- _Exercise instructions_
Among the entries below, find the line with "Geflüchtete halten ihre Umgebung sauber", then quote it and each following line up to and including the line with "Công dân đủ", and nothing else.

[Stored items from a collection]
== Segment start ==
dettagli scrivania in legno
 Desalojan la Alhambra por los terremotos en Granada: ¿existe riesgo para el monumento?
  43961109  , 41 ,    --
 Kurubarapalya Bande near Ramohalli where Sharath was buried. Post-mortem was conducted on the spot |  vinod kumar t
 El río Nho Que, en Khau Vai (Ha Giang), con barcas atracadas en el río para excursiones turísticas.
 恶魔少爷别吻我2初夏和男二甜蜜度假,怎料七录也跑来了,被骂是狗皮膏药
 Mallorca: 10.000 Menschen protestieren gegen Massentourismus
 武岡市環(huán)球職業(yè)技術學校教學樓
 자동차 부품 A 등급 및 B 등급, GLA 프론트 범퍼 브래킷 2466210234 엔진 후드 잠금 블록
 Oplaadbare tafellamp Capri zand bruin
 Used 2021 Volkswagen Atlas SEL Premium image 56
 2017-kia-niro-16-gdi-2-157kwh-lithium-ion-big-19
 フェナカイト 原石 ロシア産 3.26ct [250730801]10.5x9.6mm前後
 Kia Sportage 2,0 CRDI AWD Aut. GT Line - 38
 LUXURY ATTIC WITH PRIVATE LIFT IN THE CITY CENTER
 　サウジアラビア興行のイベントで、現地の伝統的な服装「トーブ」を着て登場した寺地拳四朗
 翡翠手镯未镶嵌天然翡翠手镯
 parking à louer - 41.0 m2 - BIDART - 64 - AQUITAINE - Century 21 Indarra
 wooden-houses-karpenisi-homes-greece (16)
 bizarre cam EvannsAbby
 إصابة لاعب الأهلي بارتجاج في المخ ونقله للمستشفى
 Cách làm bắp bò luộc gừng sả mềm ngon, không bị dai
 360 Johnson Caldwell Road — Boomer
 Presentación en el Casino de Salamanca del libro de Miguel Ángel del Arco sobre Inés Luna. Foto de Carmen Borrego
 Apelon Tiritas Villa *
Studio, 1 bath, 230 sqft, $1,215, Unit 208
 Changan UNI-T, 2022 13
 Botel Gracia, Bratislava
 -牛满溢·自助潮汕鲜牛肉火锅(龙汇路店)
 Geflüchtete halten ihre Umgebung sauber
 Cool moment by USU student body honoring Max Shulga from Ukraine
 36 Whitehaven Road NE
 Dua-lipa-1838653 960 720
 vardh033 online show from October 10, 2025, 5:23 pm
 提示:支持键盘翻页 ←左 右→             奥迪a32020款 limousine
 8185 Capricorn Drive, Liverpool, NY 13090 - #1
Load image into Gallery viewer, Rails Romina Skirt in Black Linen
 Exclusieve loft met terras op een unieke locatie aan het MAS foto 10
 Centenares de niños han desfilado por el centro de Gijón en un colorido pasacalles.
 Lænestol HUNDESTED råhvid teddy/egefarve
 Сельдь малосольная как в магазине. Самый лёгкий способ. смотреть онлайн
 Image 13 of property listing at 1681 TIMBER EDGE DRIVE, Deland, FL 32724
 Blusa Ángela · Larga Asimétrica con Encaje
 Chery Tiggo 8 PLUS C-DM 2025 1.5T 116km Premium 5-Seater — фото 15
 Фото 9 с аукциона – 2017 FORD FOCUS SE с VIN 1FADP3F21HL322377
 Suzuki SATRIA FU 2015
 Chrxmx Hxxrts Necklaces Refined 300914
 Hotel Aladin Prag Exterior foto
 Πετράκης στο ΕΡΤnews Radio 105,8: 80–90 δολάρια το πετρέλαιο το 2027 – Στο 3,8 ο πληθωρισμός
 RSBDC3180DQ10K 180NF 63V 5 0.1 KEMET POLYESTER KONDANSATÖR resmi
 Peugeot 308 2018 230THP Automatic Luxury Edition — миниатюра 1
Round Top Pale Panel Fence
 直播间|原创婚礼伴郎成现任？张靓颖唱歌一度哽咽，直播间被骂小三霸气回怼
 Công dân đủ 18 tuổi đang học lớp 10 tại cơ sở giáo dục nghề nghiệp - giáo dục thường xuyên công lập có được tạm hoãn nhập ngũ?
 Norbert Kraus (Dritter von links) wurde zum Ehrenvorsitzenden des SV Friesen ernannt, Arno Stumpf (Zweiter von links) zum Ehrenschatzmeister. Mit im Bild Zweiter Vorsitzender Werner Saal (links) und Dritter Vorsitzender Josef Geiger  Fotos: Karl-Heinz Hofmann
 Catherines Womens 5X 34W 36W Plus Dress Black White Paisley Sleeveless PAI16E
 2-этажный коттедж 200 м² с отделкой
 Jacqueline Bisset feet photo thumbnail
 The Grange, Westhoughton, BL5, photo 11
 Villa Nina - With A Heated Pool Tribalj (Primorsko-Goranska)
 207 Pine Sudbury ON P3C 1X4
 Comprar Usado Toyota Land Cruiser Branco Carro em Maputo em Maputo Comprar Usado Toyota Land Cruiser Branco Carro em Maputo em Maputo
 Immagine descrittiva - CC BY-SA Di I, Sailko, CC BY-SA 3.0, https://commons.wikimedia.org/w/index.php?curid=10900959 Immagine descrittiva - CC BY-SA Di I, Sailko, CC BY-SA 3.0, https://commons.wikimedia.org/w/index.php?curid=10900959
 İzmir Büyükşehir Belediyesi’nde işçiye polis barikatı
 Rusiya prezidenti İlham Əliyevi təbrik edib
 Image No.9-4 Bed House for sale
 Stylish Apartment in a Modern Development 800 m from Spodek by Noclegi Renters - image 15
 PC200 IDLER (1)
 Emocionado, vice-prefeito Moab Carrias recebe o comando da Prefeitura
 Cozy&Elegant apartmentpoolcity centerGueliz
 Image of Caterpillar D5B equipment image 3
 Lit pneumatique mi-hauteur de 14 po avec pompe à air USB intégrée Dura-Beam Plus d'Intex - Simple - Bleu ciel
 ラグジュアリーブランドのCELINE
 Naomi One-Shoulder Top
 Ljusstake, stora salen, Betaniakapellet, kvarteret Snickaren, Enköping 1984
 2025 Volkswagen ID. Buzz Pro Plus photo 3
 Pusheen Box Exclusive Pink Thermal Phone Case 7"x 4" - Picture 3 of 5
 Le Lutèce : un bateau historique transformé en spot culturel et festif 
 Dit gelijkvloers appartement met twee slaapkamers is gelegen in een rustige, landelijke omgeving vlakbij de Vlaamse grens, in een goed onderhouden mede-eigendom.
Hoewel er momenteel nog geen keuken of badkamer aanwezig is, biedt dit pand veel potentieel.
== Segment end ==
- _Exercise result_
 Geflüchtete halten ihre Umgebung sauber
 Cool moment by USU student body honoring Max Shulga from Ukraine
 36 Whitehaven Road NE
 Dua-lipa-1838653 960 720
 vardh033 online show from October 10, 2025, 5:23 pm
 提示:支持键盘翻页 ←左 右→             奥迪a32020款 limousine
 8185 Capricorn Drive, Liverpool, NY 13090 - #1
Load image into Gallery viewer, Rails Romina Skirt in Black Linen
 Exclusieve loft met terras op een unieke locatie aan het MAS foto 10
 Centenares de niños han desfilado por el centro de Gijón en un colorido pasacalles.
 Lænestol HUNDESTED råhvid teddy/egefarve
 Сельдь малосольная как в магазине. Самый лёгкий способ. смотреть онлайн
 Image 13 of property listing at 1681 TIMBER EDGE DRIVE, Deland, FL 32724
 Blusa Ángela · Larga Asimétrica con Encaje
 Chery Tiggo 8 PLUS C-DM 2025 1.5T 116km Premium 5-Seater — фото 15
 Фото 9 с аукциона – 2017 FORD FOCUS SE с VIN 1FADP3F21HL322377
 Suzuki SATRIA FU 2015
 Chrxmx Hxxrts Necklaces Refined 300914
 Hotel Aladin Prag Exterior foto
 Πετράκης στο ΕΡΤnews Radio 105,8: 80–90 δολάρια το πετρέλαιο το 2027 – Στο 3,8 ο πληθωρισμός
 RSBDC3180DQ10K 180NF 63V 5 0.1 KEMET POLYESTER KONDANSATÖR resmi
 Peugeot 308 2018 230THP Automatic Luxury Edition — миниатюра 1
Round Top Pale Panel Fence
 直播间|原创婚礼伴郎成现任？张靓颖唱歌一度哽咽，直播间被骂小三霸气回怼
 Công dân đủ 18 tuổi đang học lớp 10 tại cơ sở giáo dục nghề nghiệp - giáo dục thường xuyên công lập có được tạm hoãn nhập ngũ?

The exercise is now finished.